Nel cammino di crescita, lo sport, a qualunque livello, può essere un alleato. Al di là degli aspetti legati alla salute, nello sport i ragazzi incontrano non solo valori e regole validi anche nella vita, ma trovano in allenatori ed istruttori dei punti di riferimento esterni alla famiglia.

Esploriamo insieme alla dott.ssa Pamela Pace, presidentessa dell’Associazione Pollicino e Centro Crisi Genitori Onlus, aspetti positivi e aspetti critici di questo contesto.

Il mondo dello sport rappresenta per i nostri figli una realtà esterna alla famiglia. Con riferimento alla delicata fase della pubertà e dell’adolescenza, che importante ruolo-guida possono assumere allenatori e istruttori?

Transitare dal recinto familiare al legame sociale è un passaggio che può essere facilitato o, al contrario, reso difficile e doloroso, dalla qualità delle relazioni sociali e delle nuove esperienze. Il luogo sportivo acquista un’importanza centrale quando è in grado di offrire al giovane delle coordinate attraverso cui orientare il percorso di individuazione e costruzione identitaria. Il debutto sociale si snoda nei vari ambiti che comprendono anche alcune scelte del giovane, come può essere uno sport. Quindi, oltre alla famiglia, anche gli ambienti sportivi sono testimoni dei cambiamenti che l’ingresso in pubertà comporta. Gradatamente diventano inoltre luoghi extra-famigliari in cui portare fatiche, difficoltà e conflitti. È necessaria quindi un’attenzione da parte degli allenatori che possa valorizzare il soggetto che ciascun ragazzo è, ascoltare e sostenere i suoi desideri, interessi e passioni non “schiacciandolo” sul lato della performance sportiva L’uscita dal periodo infantile prosegue, nei soggetti, il delicato e faticoso percorso di separazione e individuazione ed emancipazione dalle garanzie e sicurezze di tale tempo. Tale processo stimola dissidi e conflitti e mostra, in particolare, generalmente la sfida all’ autorità. Ad esempio: disubbidire alle regole della disciplina sportiva può segnalare l’emergere nel ragazzo del bisogno di differenziarsi e ribadire un punto di vista personale e autonomo rispetto alle attese e alle regole del mondo degli adulti. Questo genere di comportamenti a volte siglano anche l’esigenza di dar prova a se stessi e agli altri di non essere più bambini. Quello sportivo, non è solo un ambito, diciamo così, di performance atletiche o agonistiche, ma lo sport è anche un fatto sociale, e dunque le sue trasformazioni, il suo linguaggio, la centralità del corpo risentono gradatamente di aspetti legati ai passaggi epocali. In particolar modo quello che il sociale veicola dell’importanza del corpo e dell’efficienza prestazionale.

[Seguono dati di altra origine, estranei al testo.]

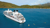 Embark on Seabourn’s ultimate 2028 World Cruise
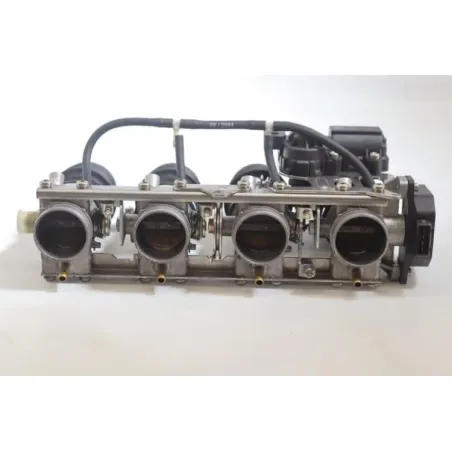 Rampe d'injection BMW K 1200 RS 2001 - 2005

Allora quale può essere il valore peculiare dell’ambito sportivo, promotore di benessere fisico e psichico? Certamente lo sport implica una dimensione educativa, pedagogica che può innanzitutto coadiuvare il difficile e delicato compito dell’adolescente di assumere il suo abitare un corpo, il suo poter investire affettivamente e narcisisticamente il corpo che abita. Assume dunque rilevanza lo sguardo dell’allenatore in quanto ha il potere di restituire al giovane un valore non solo come atleta, ma come soggetto. Ecco l’importanza di sensibilizzare anche il mondo sportivo su tale importanza dello sguardo e, ovviamente anche delle parole dell’allenatore. Inoltre, il confronto con gli altri corpi comporta dinamiche ed esperienze utili alla costruzione dell’identità corporea e alla differenziazione tra sé e gli altri. Nel momento inaugurale e critico della pubertà e dell’adolescenza, l’ambito sportivo diventa sia il luogo in cui apprendere una pratica atletica, ma può rappresentare l’ambito prezioso in cui sperimentare e costruire un rapporto nuovo con se stessi e il proprio corpo in trasformazione.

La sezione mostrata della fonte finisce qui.